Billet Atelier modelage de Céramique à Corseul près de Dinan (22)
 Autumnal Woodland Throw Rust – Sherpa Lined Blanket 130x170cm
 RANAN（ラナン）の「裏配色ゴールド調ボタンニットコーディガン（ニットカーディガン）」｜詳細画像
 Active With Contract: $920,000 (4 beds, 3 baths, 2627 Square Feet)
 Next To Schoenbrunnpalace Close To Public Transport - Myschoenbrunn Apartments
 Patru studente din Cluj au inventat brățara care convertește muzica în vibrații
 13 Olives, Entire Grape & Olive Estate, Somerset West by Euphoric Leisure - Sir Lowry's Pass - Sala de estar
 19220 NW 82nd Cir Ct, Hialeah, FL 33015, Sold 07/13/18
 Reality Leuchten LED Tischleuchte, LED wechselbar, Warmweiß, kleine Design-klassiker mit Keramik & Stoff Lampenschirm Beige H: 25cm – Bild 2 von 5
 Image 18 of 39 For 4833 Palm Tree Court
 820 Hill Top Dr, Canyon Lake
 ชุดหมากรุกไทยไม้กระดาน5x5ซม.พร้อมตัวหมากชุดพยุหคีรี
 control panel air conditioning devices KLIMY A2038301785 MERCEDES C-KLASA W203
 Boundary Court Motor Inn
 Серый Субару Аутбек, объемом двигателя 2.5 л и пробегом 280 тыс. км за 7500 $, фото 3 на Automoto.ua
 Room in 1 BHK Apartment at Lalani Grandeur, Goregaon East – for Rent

|---|

Your task is to find every line above containing the word "Court" and copy it.

Your solution:
 Image 18 of 39 For 4833 Palm Tree Court
 Boundary Court Motor Inn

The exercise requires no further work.